Aquellas cosas que pudimos hacer
Desconozco si hay muchos filmes que documenten las actividades de las Fuerzas de Defensa Israelíes, es decir, el Tsahal. A mitad de los 90′, el realizador francés Claude Lanzmann intentó una aproximación a ras de suelo. Pero su reflexión quedó más en la superficie y el discurso pro-sionista, sin llegar del todo a explotar la idea de que el Tsahal era una herramienta al servicio del poder. Cuestionar el poder, o su gestión, cuando éste se articula en torno a dos premisas -protección y moralidad- conduciría a una reflexión interesante: cómo hablar de moral, cuando las medidas tomadas para proteger tu integridad -territorial, histórica- se ubican más allá de cualquier orden moral. Quizá porque la culpa es uno de los sentimientos más arraigados en nuestro interior, Ari Folman apela a su experiencia durante la guerra del Líbano para intentar resolver este conflicto moral.
Aunque la apuesta formal sirva como coartada a su realizador para poder explicar más con menos medios, lo cierto es que posee un contrapunto interesante: el dibujo animado como única posibilidad de reflejar un Yo, el de Ari Folman, cuyos recuerdos no pueden materializarse en lo tangible -por ejemplo, el propio Folman hablando a cámara- ni tampoco pueden ser interpretados por otro actor. Su participación en la masacre de Sabra y Chatila es una losa que oprime su memoria, que la congestiona hasta hacerle volcar su dolor sobre un terreno abierto a lo imaginado y no tanto a lo real: la animación. En este sentido, resulta esclarecedor cómo Folman necesita dividirse en director y protagonista para buscar un impulso, el del realizador que hostiga a su personaje, que le fuerce a extraer los recuerdos reprimidos por su mente.

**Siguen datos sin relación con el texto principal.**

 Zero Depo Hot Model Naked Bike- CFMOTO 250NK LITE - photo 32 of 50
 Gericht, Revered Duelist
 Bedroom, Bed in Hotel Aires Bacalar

El soldado Ari aglutina los rasgos de una figura sometida a una cadena de mando: joven e inexperto, que es obligado a diferenciar entre desear y deber. Seguramente, si le diesen a elegir, desearía no haber estado el 16 de septiembre de 1982 en el Líbano, pero debía estar porque su presencia respondía a la voluntad de salvaguardar su identidad, de proteger una cultura marcada por los intentos de eliminación sistemática. En cambio, el Ari director, más de dos décadas después, entiende que el conflicto entre deseo y deber es tan irresoluble como su enunciación -por parte de quienes gestionan la guerra/ostentan el poder- maniquea. Comprende que sólo buscando las mejores palabras, las que se acerquen más fielmente a todo lo que vio, puede conseguir asimilar cómo pudo participar en algo así.

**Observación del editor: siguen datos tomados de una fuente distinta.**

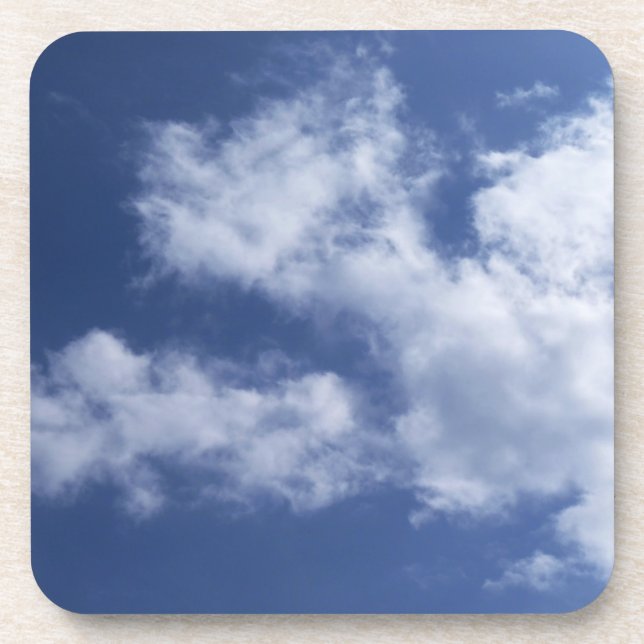 Sky Beverage Coaster (Front)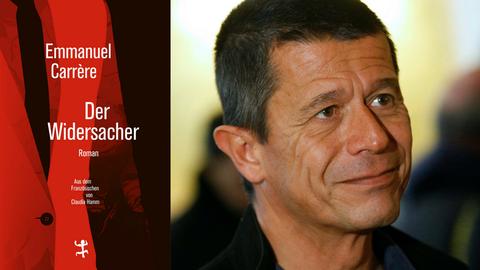 Der französische Autor Emmanuel Carrère und sein Roman "Der Widersacher"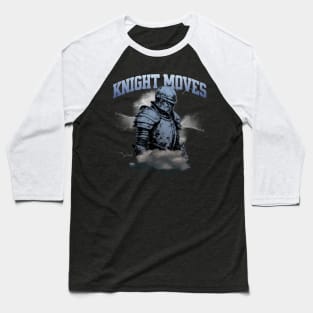 Knight Moves Baseball T-Shirt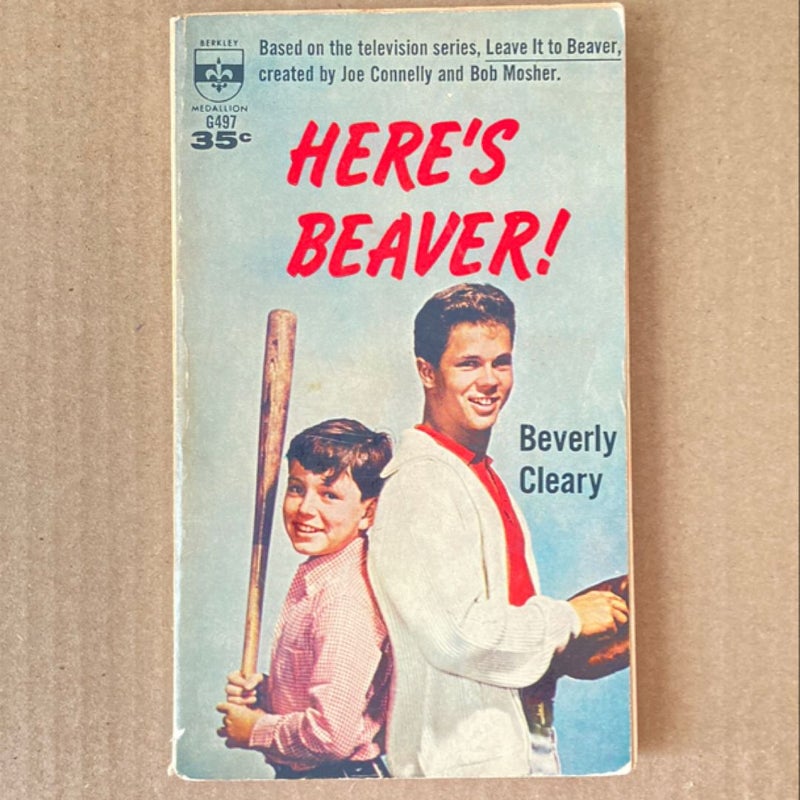 Here’s Beaver!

Toda guerra participa de cierta invisibilidad. A veces la cadena de mando o, simplemente, la violencia, ejercen de analgésicos, hasta tal punto que resulta increíble creer que alguien contempló una matanza de civiles y no movió un dedo por evitarla. En el fondo, es un horror vivido en directo, sin televisión ni palabras, compuesto de ruidos y velocidad. Cierras los ojos y vuelves a abrirlos, y tal vez todo haya terminado. Muchos de los testimonios de Folman explican cómo, a pesar de observar el genocidio, se ven incapaces de actuar. Esa incapacidad se relaciona con la imposibilidad de procesar todo lo que vemos, que hasta nos cuesta poner en palabras, porque nos pide elegir las más adecuadas si no queremos ser injustos, porque lo hemos visto y, a la vez, nunca vimos algo parecido.
Ari Folman participa del drama. Su personaje tan sólo es un adolescente que interviene pasivamente en la masacre. La ve, pero no la entiende y no acaba de sentirse partícipe o, mejor dicho, moralmente responsable, igual que tampoco se sienten aquellos que informan a sus superiores de las agresiones contra civiles indefensos. Pero el drama explota en su cara cuando, dos décadas después, se siente culpable y le duele, porque el Tsahal se encargaba de todo y, al fin y al cabo, gracias a su moral, hubo pocas víctimas. En ese instante, el Ari director interviene y reconoce que no tiene una respuesta que no pase por las pesadillas, por los sueños grotescos o por la animación como sucedáneo de una memoria tan fragmentada y una realidad tan jodida que es incapaz de reconstruirla. Todo, él, Sabra, Chatila, el Tsahal, está tan lejos de caer dentro del orden moral y del sentido común, que la animación acaba desbordada y Folman sólo puede concluir su drama apelando a la imagen de los cuerpos muertos registrados en video. En Tsahal (1994), Claude Lanzmann discute con algunos soldados o miembros de las FSI cuyos familiares sintieron el horror de los campos de exterminio de forma activa, en sus carnes, y pueden documentarlo a través de su cuerpo. El horror de Vals con Bashir se basa en convertir a las víctimas de una fractura como la de la shoah en los actores pasivos de un genocidio como el de Sabra y Chatila. Ahí radica el conflicto moral.